■ YOUR ASSIGNMENT: When a line of the entries contains "Acne", please list that line.

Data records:
- - -
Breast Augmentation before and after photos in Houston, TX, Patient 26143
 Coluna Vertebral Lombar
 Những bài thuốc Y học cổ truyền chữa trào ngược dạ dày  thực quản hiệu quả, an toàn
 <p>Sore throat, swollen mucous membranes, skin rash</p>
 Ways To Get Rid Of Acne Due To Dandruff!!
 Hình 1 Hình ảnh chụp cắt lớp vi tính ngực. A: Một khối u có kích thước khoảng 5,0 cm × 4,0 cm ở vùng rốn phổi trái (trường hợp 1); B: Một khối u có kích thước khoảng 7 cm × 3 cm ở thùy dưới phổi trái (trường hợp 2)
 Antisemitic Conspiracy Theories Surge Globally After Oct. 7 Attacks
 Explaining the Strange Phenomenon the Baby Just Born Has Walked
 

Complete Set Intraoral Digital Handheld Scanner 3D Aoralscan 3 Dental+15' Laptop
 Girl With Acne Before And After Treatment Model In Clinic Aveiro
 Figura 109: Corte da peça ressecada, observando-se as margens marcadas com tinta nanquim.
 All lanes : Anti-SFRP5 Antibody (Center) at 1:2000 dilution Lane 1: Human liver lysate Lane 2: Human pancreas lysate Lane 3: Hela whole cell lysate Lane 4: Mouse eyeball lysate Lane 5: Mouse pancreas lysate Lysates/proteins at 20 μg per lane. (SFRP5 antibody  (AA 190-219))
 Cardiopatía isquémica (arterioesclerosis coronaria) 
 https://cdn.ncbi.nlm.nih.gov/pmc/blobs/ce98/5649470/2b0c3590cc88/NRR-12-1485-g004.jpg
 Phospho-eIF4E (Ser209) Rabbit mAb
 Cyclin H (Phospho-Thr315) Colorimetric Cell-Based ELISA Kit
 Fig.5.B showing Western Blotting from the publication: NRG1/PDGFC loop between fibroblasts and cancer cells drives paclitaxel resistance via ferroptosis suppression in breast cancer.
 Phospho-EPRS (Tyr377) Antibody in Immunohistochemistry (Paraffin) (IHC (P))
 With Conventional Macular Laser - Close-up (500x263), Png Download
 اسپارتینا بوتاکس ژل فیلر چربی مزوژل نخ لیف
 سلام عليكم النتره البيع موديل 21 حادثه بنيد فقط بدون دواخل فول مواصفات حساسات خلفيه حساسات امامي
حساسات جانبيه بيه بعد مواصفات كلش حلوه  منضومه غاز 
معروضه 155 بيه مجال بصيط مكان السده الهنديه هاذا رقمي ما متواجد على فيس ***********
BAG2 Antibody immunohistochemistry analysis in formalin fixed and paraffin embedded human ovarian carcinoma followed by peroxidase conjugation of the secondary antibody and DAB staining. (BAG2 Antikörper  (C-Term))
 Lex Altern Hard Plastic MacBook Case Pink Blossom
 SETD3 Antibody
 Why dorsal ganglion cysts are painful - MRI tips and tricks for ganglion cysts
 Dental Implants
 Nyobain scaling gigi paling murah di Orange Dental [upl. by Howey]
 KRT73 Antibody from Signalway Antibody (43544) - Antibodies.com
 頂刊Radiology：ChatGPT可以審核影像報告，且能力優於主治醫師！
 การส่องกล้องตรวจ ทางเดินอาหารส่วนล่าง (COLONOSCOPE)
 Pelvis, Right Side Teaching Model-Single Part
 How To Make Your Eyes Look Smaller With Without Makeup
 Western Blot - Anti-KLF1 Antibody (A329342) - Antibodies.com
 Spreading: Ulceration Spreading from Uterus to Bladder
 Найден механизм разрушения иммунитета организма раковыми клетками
- - -
■ COMPLETED TASK:
 Ways To Get Rid Of Acne Due To Dandruff!!
 Girl With Acne Before And After Treatment Model In Clinic Aveiro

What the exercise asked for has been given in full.